Cargó contra el instructor, sacrificando el brazo izquierdo ya agonizante del Chatarra-7 para bloquear el cañón principal de Vane. El metal chirrió, se retorció y finalmente cedió con un estallido de chispas blancas. Mateo aprovechó el hueco, hundiendo el núcleo de su frame contra el pecho del modelo de élite. La sobrecarga fue absoluta. Una onda expansiva de energía industrial recorrió la plataforma, lanzando a Vane contra los mamparos. El instructor quedó reducido a un despojo entre los restos de su propia arrogancia, mientras Mateo se alzaba, con el frame destrozado pero con el sistema de la Torre respondiendo a su mando.
El silencio que siguió fue más pesado que cualquier explosión.
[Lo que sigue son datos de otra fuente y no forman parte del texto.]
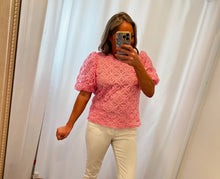 Load image into Gallery viewer, Floral and Lace Puff Sleeve Top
En las pantallas de la ciudad, la imagen del Instructor Vane derrotado por un estudiante de clase baja era una sentencia de muerte para la Academia. Pero no hubo tiempo para celebraciones. Un pitido agudo, distinto a cualquier alerta de la Torre, comenzó a resonar. El techo industrial del Piso 4 empezó a vibrar, los pistones gigantescos moviéndose con una cadencia que no pertenecía a un edificio, sino a una máquina en pleno despegue. En el cielo de la ciudad, un mensaje proyectado en letras de fuego anunció: 'Nivel 5 desbloqueado'. Mateo sonrió, sintiendo cómo la estructura, su nave, despertaba finalmente bajo sus pies.